Anyone tried a dairyXwaygu steer yet?
Me neighbour down the road has a dairy and produces waygu Holsteins. We bought half a beef this winter, and I was surprised how well a Holstein could be finished. But I wasn’t about to pay the premium for waygu though.
 
This sounds like a nasty bug.....any idea on implications on usa beef herd?...Read somewhere it was at its lowest numbers in years

I’ve given several lectures about the New World Screw Worm.

What makes the NWSW so nasty is they attack living tissue and lay their larvae; the best way to combat it is by releasing sterile males that break the breading cycle.

Problem is these sterile males have slightly smaller wings and natural selection takes over and their not as effective as they once were.

The last known outbreak on USA soil was on an island in the Florida Keys… they had to release millions of sterile flys to get it under control.

The NWSW is within 150mi of the Texas border and that’s why we have all beef imports from Mexico shut down; hence the sky high beef prices and when the prices are high people will sell and thus the record low herds follow record high prices.
 
My cousins raise Black Angus and Waygu / Black Angus-Waygu mixes. We get a steer every other year. The 1/2-1/2 cross I believe is called F1. I prefer the Black Angus taste over the F1 cross. The marbling is marginally better in the F1, but the taste of his Black Angus is unbelievable. We won't get a cross again. He DNA tests every calf that his the ground (and has for many years), so he can build a better herd. I drive 2000+ miles round trip every other year to get the meat in Colorado.

AJ
 
As a random cattle topic, I learned an interesting thing from the local dairymen. If you run a large dairy, you have data to show milk yields per cow on the dairy farm these days. You definitely do not want to make more low-yield dairy cows, but you also don’t want to throw away a mediocre yield cow needlessly.

For years now, they’ve had sexed semen so you can extend the dairy yield while ensuring that you can produce angusXholstein steers as offspring from your poorest performing dairy cows.

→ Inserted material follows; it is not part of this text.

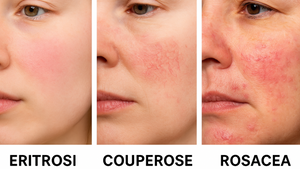 Erythrose, Couperose oder Rosazea? Wenn die Haut rot wird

They are now doing HolsteinXweygu steers which I’m eager to try. Waygu is far too rich to eat as a side of beef, but a tough old Holstein DNA mixed with a tiny 800lb Waygu would probably be the best eating 1200lb steer money could buy. I’m eager to try a side of beef from this cross, a perfect solution to the dairy industry while also giving justification as to why an ungraded steer should be worth $7 a pound hanging.

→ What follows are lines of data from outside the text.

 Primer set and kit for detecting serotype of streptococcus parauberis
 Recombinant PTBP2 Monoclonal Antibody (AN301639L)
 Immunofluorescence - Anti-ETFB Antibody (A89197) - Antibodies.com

Anyone tried a dairyXwaygu steer yet?

Holstein actually has some of the best marbled ribeyes of any breed, problem is these consumer doesn’t want a 6oz ribeye.

I’d like to get my hands on the Holstein Wagyu cross as I’m sure it will be amazing.

I have a buddy with a Wagyu operation and often receive meat to cook at charity fundraisers; the Wagyu is different to cook with 20% less cooking time on the briskets due to fat content.
 
A few of my Son In Laws cattle. And a few of mine out on pasture. They get fed hay, corn silage and corn during the winter months. And the taste is noticeably better than Walmart type meat.

It’s always entertaining hearing first timers, eating small producer beef compared to feedlot and the big 4 processors quality.

Save yourself money and find a local “small producer” it helps him. And your taste buds and wallet will thank you. Make sure it’s handled and processed correctly and you will be a happy shopper and eater.